Consider also the possible business advantages of selling these low-end cards for Apple. The selling price of the cards could be subsidized by including bundled songs for a fee - a great way for record companies to distribute new music gratis. Or snippets of songs as adverts, jungles, or ringtones. This could lower the retail price of an Apple-branded "media card" by 10-20%.
Yes, even given the continued growth in capacity of flash media, they will never equal the price or capacity of hard disk media. However, at what point does enough space become too much? Lots of people seem to be happy with their iPod Minis, and they have a tiny capacity compared to some other options available.
It seems like lots of people are happy with just a few GB of music "on-hand" at any time. Hell, people get by with 256MB players! When and if Flash capacities reach the 4GB mark for $50 (I give it two years tops) then wouldn't a lot of the people who currently buy iPod Minis also consider a similar, half-priced iPod Flash?
That's a big market opportunity any way you slice it.
Of course, to really slim down Apple will have to do something about the iconic wheel interface. It's a nice design but it does take up a lot of front space on the device and constrains the screen size. Look at the iPod Photo - it's screen is lame and tiny ans resembles the old Archos Muldimedia players from a few years ago. At that time everyone lambasted them for releasing a "multimedia" player with such ridiculously tiny screens.
But Archos was just not thinking far ahead and went with maintaining their familiar audio jukebox interface. They learned from their mistake and upped the screen size on the newer models to take up most of the front panel.
What is the option for Apple? If they want to keep the wheel but shrinkthe devices *and* make the screen larger then they have to either A) put the wheel on the backside of the device, trusting users to navigate by touch, or B) convert the wheel into a software-simulation using on-screen display.

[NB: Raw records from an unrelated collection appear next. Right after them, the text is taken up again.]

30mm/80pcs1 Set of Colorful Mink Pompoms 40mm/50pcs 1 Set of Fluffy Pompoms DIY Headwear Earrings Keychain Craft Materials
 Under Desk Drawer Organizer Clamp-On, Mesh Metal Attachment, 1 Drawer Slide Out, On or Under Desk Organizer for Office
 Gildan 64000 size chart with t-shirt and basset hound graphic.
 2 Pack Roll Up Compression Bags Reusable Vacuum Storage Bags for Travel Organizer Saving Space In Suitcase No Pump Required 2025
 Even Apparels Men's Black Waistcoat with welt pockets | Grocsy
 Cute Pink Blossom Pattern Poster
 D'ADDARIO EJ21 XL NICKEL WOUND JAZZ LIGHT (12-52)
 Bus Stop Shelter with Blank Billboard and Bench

Apple has invested a lot of marketing collateral in their wheel design but it does constrain their effectiveness going forwward in a shrink of the iPod form factor for Flash sizes, especially for Asian markets where smaller is definitely much much better!
Da Blog
Apple has the Holy Trinity of online music: Software (iTunes), Store (iTMS), Player (iPod).
iTunes: Mac and Windows only
iTMS: Mac and Windows only, and infested with restrictive DRM
iPod: overpriced, can't play ogg or wma, short battery life, must be "authorized" on every PC it connects to
Why is this the "Holy trinity" of digital music?
Where did this quote come from? If it was said by somebody at Creative, that shows a remarkable sense of hubris and entitlement that is out of place in a competitive marketplace.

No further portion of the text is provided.